Slump in net trade outweighs stronger growth in consumer spending: Compared to the previous quarter’s data, readings in October–December softened for government consumption (+4.7% on a year-on-year basis vs +6.6% in July–September), fixed investment (+7.8% vs +8.4% in July–September) and exports of goods and services (+5.6% vs +10.2% in July–September). In contrast, readings picked up for private consumption (+8.7% vs +8.0% in July–September) and imports of goods and services (+8.6% vs +5.9% in July–September).

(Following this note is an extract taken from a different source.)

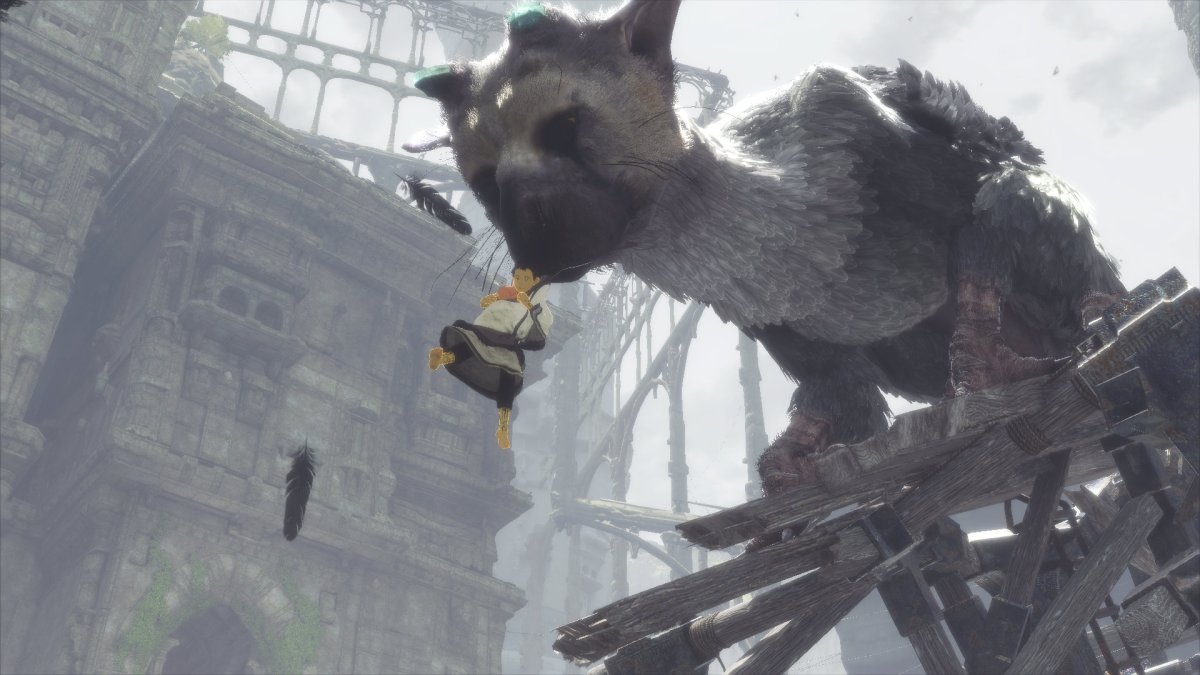 The Last Guardian // Source : Sony The Last Guardian // Source : Sony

With imports accelerating as a result of strong consumer demand and exports decelerating as a result of U.S. tariffs, net trade declined at the sharpest rate since April–June 2023 in October–December. More positively, lower inflation and interest rates plus cuts to consumption taxes aided consumer spending.
Panelist insight: EIU analysts commented:
“We have raised our estimate of real GDP growth in 2025/26 from 7.4% to 7.6%, given the base year revision. We retain our real GDP growth forecast of 7.2% for 2026/27, based on continued support from domestic demand and an eventual trade agreement with the US.”
On the ability of India to respond to the Iran war, HSBC’s Justin Feng and Frederic Neumann commented:
“India arguably has more leeway to run a wider [fiscal] deficit given its growth profile and economic heft, and may find some near-term relief from a 30-day US waiver to buy Russian oil. That said, India’s strategic oil reserves are limited (~30 to 70 days) compared with other large Asian economies such as mainland China (~110 to 140 days) and Japan (~200 to 250 days).”